Pathophysiology and Management of Acute Respiratory Distress Syndrome in Children

Abstract

Acute respiratory distress syndrome (ARDS) is a syndrome of noncardiogenic pulmonary edema and hypoxia that accompanies up to 30% of deaths in pediatric intensive care units. Pediatric ARDS (PARDS) is diagnosed by the presence of hypoxia, defined by oxygenation index or Pao₂/Fio₂ ratio cutoffs, and new chest infiltrate occurring within 7 days of a known insult. Hallmarks of ARDS include hypoxemia and decreased lung compliance, increased work of breathing, and impaired gas exchange. Mortality is often accompanied by multiple organ failure. Although many modalities to treat PARDS have been investigated, supportive therapies and lung protective ventilator support remain the mainstay.

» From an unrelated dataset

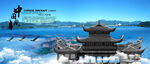 中国风背景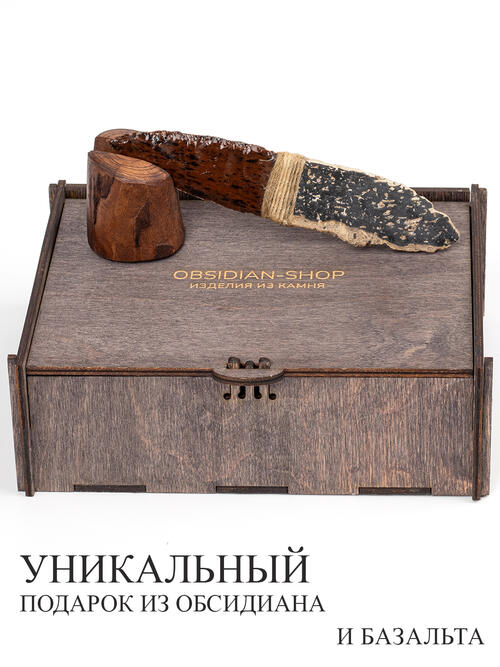 Нож из Базальта и Обсидиана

Keywords: Acute lung injury; Acute respiratory distress syndrome; PARDS; Pathophysiology; Pediatrics.

Figure 1.

Schematic of a healthy alveolus. The alveolar epithelium and capillary endothelium are intact. The characteristics of the pulmonary circulation and intact epithelial endothelial barrier allow for formation of the alveolar wall liquid (AWL) while maintaining the air-filled, fluid-free, status of the alveoli. The AWL facilitates gas exchange and is a medium for dispersal of surfactant and alveolar macrophages, which is essential for maintaining alveolar stability and host defenses. The intact sodium-dependent vectorial transport across type II alveolar epithelial cells regulates the removal of excess alveolar fluid. From Sapru A, Flori H, et al. Pathobiology of acute respiratory distress syndrome. Pediatr Crit Care Med. 2015 Jun;16(5 Suppl 1):S6–22. doi: 10.1097/PCC.0000000000000431.

Figure 2.

Schematic of pathophysiology in acute respiratory distress syndrome. There is a loss of epithelial and endothelial barrier integrity and loss of function leading to increased permeability pulmonary edema. Solutes and large molecules such as albumin enter the alveolar space. In the presence of proinflammatory mediators and activated endothelium leukocytes traffic into the pulmonary interstitium and alveoli. There is activation of coagulation and deposition of fibrin in capillaries and alveoli with increased concentrations of fibrinogen and fibrin-degradation products in the edema fluid. Surfactant depletion and degradation result in large increases in surface tension and loss of alveolar shape and integrity. Recovery is preceded by fibroblast proliferation. NETs = neutrophil extracellular traps, ROS = reactive oxygen species, TNF = tumor necrosis factor. From Sapru A, Flori H, et al. Pathobiology of acute respiratory distress syndrome. Pediatr Crit Care Med. 2015 Jun;16(5 Suppl 1):S6–22. doi: 10.1097/PCC.0000000000000431.